LA MEJOR BENDICIÓN ES LA DE HOY
“No, hermanos, yo no me creo todavia calificado, pero para mí ahora sólo vale lo que está adelante; y olvidando lo que dejé atrás.” (Filipenses 3:13).
Hoy — un espacio especial de tiempo que agarra la llave que bloquea las pesadillas de ayer y destranca los sueños de mañana”.
¿Qué ha perturbado nuestras vidas?
¿Por qué vivimos ansiosos, angustiados, sin paz y sin alegría, sin la vida abundante que Dios nos prometió?
¿Por qué nuestros labios se lamentan más qué alaban?
¿Por qué, en el jardín de nuestro día a día, cultivamos más dudas qué esperanzas?
¿Por qué nuestro semblante no tiene el brillo qué caracteriza una persona feliz?.

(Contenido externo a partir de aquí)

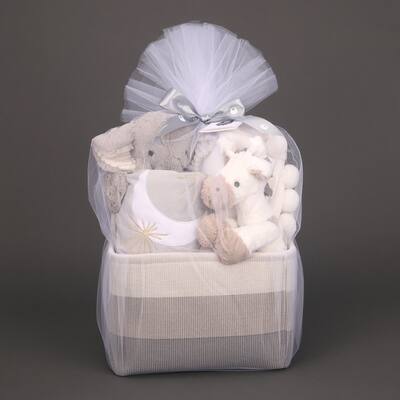 Shop Fabric Lambs Ivy Baby Discover Our Best Deals At Overstock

Es probable que el motivo principal sea el hecho de que aún estemos inquietos con los desalientos y chascos del pasado, con las frustraciones de los pasos mal dados, con las derrotas que parecen aún herir a nuestras almas.
Pero, si continuamos sufriendo todos esos traumas ya dejados para atrás,
¿donde encontraremos tiempo y oportunidades para buscar nuestros sueños del porvenir?

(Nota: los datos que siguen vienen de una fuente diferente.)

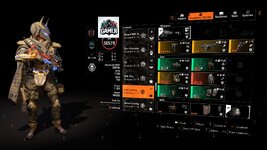 Tom Clancy's The Division® 22026-2-10-23-22-39.jpg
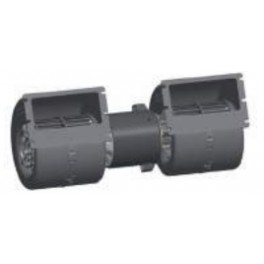 Ventilátor Spal 008-B40-02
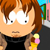 :iconavengermark:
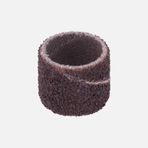 Dremel 13 mm 60 Kum 6'lı Kalınlıklı Zımpara Şeridi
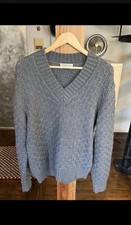 Maglione Officine Generale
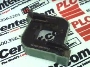 GENERAL ELECTRIC 55-5013366G4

¿Donde hallaremos fuerzas para enfrentar y vencer nuevos reveses que aún encontraremos por en frente?
¿Donde iremos a adquirir el estímulo para abandonar el pesimismo y revestirnos del “más que vencedores”?
Es preciso que comprendamos que lo más importante para nosotros es la bendición de hoy. No la bendición que no experimentamos ayer y ni la que podremos recibir mañana. Es esa maravillosa bendición que necesitamos abrazar con todas nuestras fuerzas. Ella nos hará olvidar el fracaso anterior y nos llenará de aliento espiritual para seguir enfrente, sin miedo, sin ansiedad, sin inseguridad.
Jesús es nuestra bendición de hoy. 
Con Él vencemos las pesadillas de ayer y avanzamos,
con alegría, rumbo a los sueños de mañana.